Charcoal Blue vs Tea with Florence
Charcoal Blue is a Behr color while Tea with Florence comes from Little Greene. Hue-wise, Charcoal Blue belongs to the blue-grey family and Tea with Florence to the blue family. With LRVs of 19 and 18, they'll behave almost identically in terms of how much light they reflect back into a room. They share a blue quality — useful to know if you're layering them in the same space. At ΔE 8.6, the difference is perceptible but not dramatic — the two can work harmoniously in the same space. Below you'll find 2 real-room photo comparisons where both colors appear side by side, plus 5 simulated room previews.
Charcoal Blue vs Tea with Florence in Real Spaces
2 real rooms side by side. Charcoal Blue and Tea with Florence are close enough that the difference can be hard to judge from a chip alone — these photos show how each reads at scale, across different spaces and lighting conditions.
Living Room
Living rooms test a color across a full range of conditions — morning sun, afternoon shade, and evening lamp light all shift how both of these read.
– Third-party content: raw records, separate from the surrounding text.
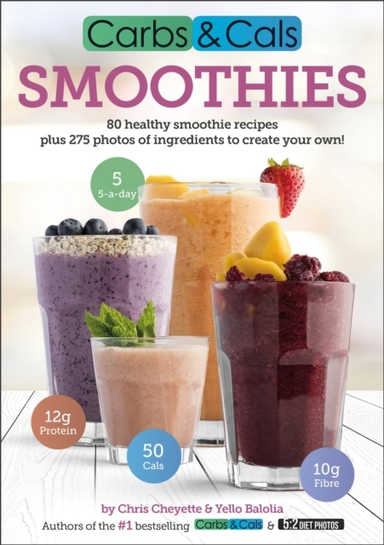 Carbs & Cals Smoothies80 Healthy Smoothie Recipes & 275 Phot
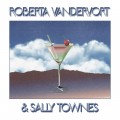 Buy Roberta Vandervort & Sally Townes - Roberta Vandervort & Sally Townes Mp3 Download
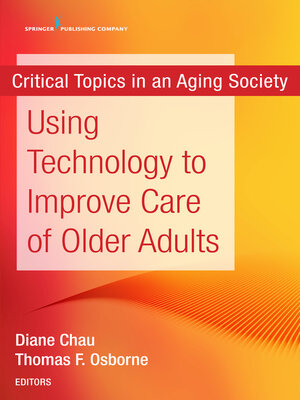 cover image of Using Technology to Improve Care of Older Adults
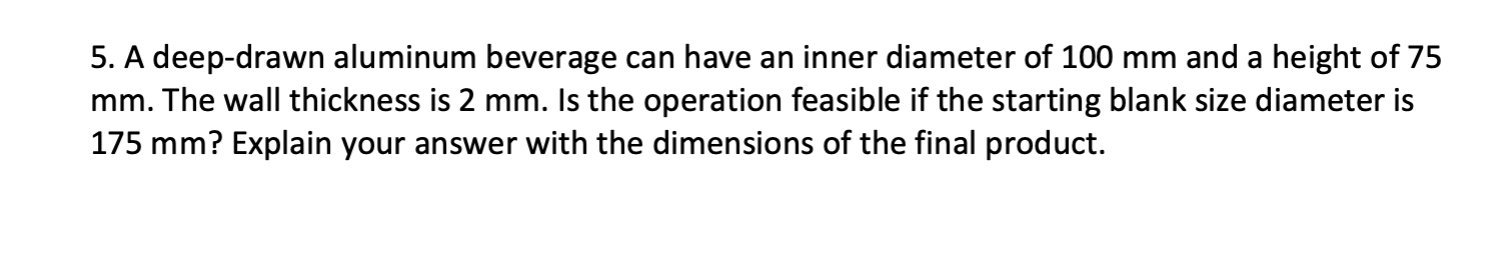 5 . A deep - drawn aluminum beverage can have an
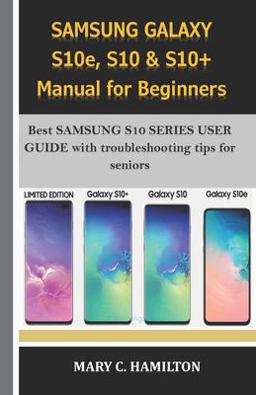 SAMSUNG GALAXY S10e, S10 and S10+ Manual for Beginners
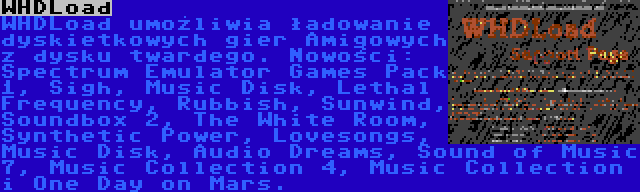 WHDLoad | WHDLoad umożliwia ładowanie dyskietkowych gier Amigowych z dysku twardego. Nowości: Spectrum Emulator Games Pack 1, Sigh, Music Disk, Lethal Frequency, Rubbish, Sunwind, Soundbox 2, The White Room, Synthetic Power, Lovesongs, Music Disk, Audio Dreams, Sound of Music 7, Music Collection 4, Music Collection i One Day on Mars.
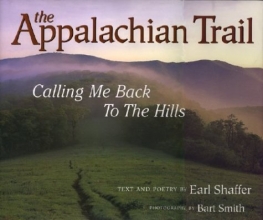 Cover art for The Appalachian Trail: Calling Me Back to the Hills (Official Guides to the Appalachian Trail)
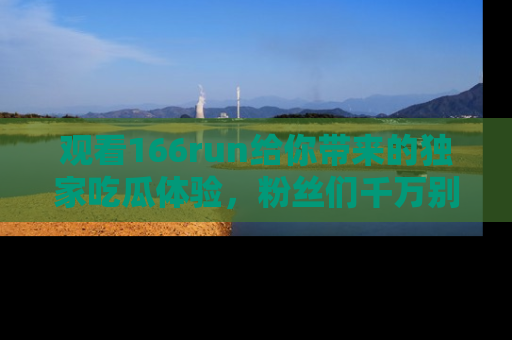观看166run给你带来的独家吃瓜体验，粉丝们千万别错过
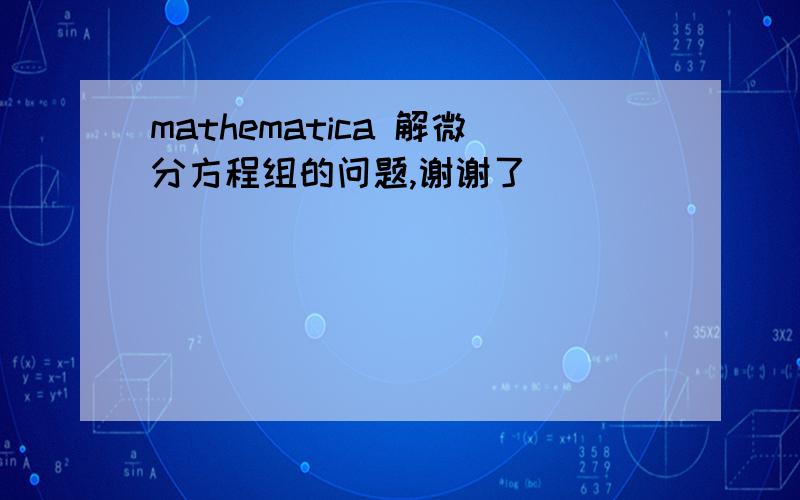 mathematica 解微分方程组的问题,谢谢了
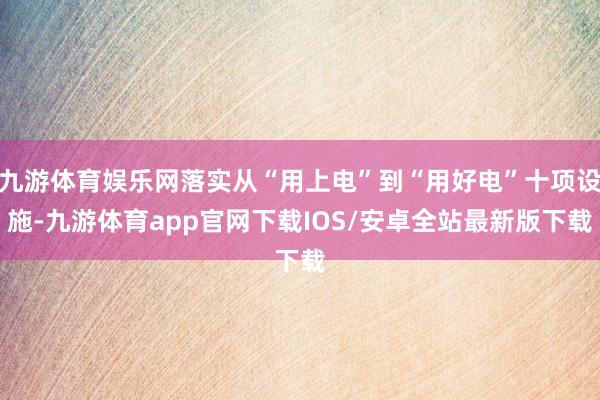 九游体育娱乐网落实从“用上电”到“用好电”十项设施-九游体育app官网下载IOS/安卓全站最新版下载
At this scale, the choice between them becomes clear in a way that a swatch alone can't communicate.
Front Door
Front doors are seen in isolation against the rest of the facade, which makes them a high-stakes surface where even subtle differences matter. At this scale, the choice between them becomes clear in a way that a swatch alone can't communicate.
Color Details
Charcoal Blue vs Tea with Florence Simulated Comparison
5 simulated room previews — drag the slider on each to see Charcoal Blue on one side and Tea with Florence on the other.
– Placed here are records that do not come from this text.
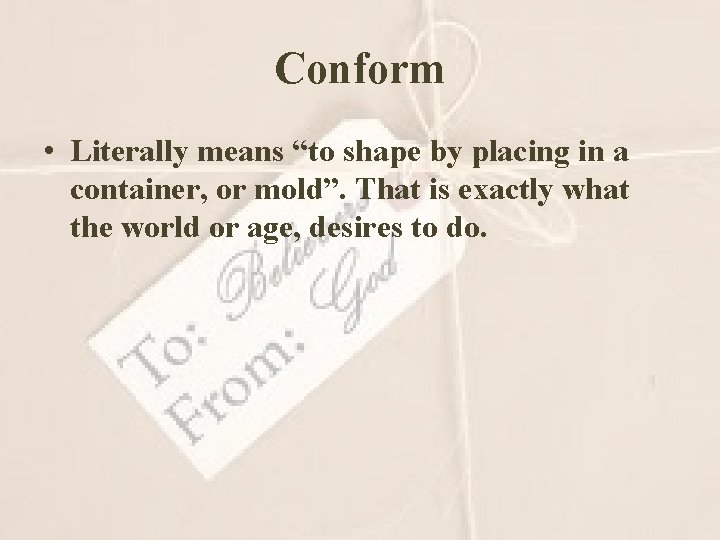 Conform • Literally means “to shape by placing in a container, or mold”. That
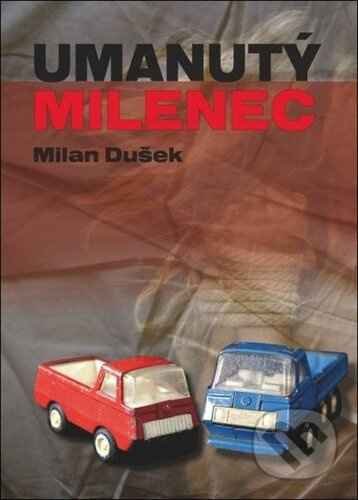 Umanutý milenec - Milan Dušek - kniha z kategorie Detektivky, thrillery a horory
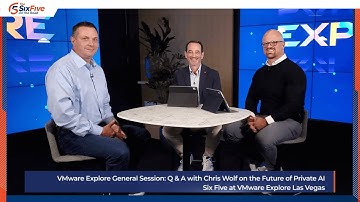 VMware Explore General Session: Q&A with Chris Wolf on the Future of Private AI - Six Five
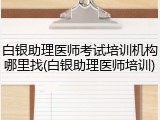 白银助理医师考试培训机构哪里找(白银助理医师培训)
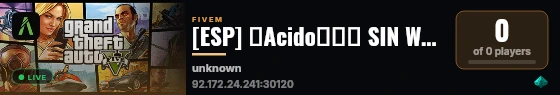 [ESP] 💚Acido💚︱✔️ SIN WL ✔️︱💊 DROGAS UNICAS 💊︱👕 ROPA NUEVA 👕︱🔪 MAFIAS,BANDAS Y CARTELES 🔪︱⭐ OPTIMIZADO ⭐︱💡SCRIPTS UNICOS💡︱🚗 COCHES PERSONALIZADOS 🚗 ︱💰 ECONOMIA BALANCEADA 💰︱🏓 MUCHAS ZONAS DE ENTRETENIMIENTO 🏓  live status badge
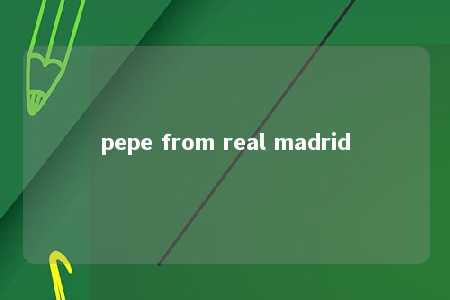 pepe from real madrid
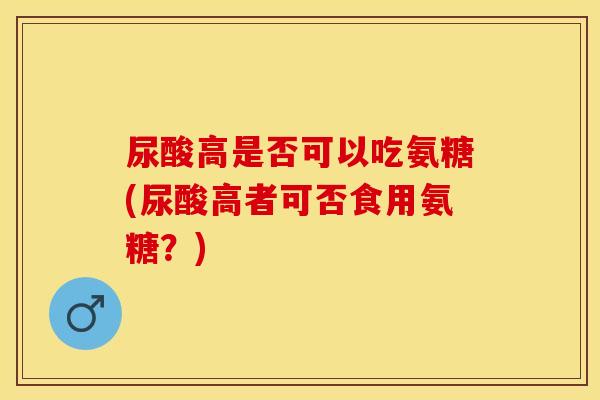 尿酸高是否可以吃氨糖(尿酸高者可否食用氨糖？)-第1张图片-关节保镖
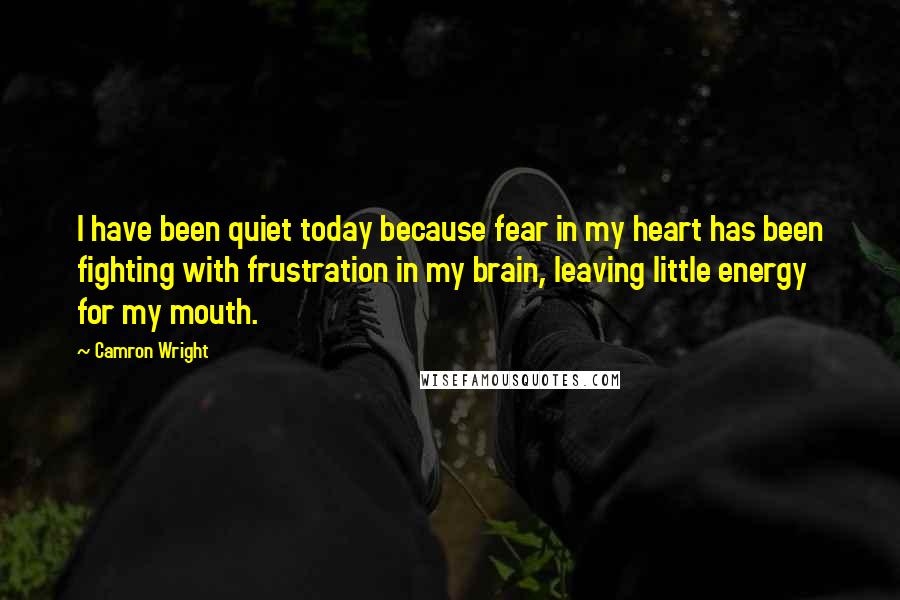 Camron Wright Quotes: I have been quiet today because fear in my heart has been fighting with frustration in my brain, leaving little energy for my mouth.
Digital color is approximate. These simulations are generated from the manufacturer's hex values and overlaid on grayscale room photos — your screen's calibration, brightness, and viewing angle all affect how they render. Before committing to either color, test physical samples in your own space under the light you actually live with.
More Charcoal Blue comparisons
See how Charcoal Blue stacks up against other well-photographed colors across different brands and tones.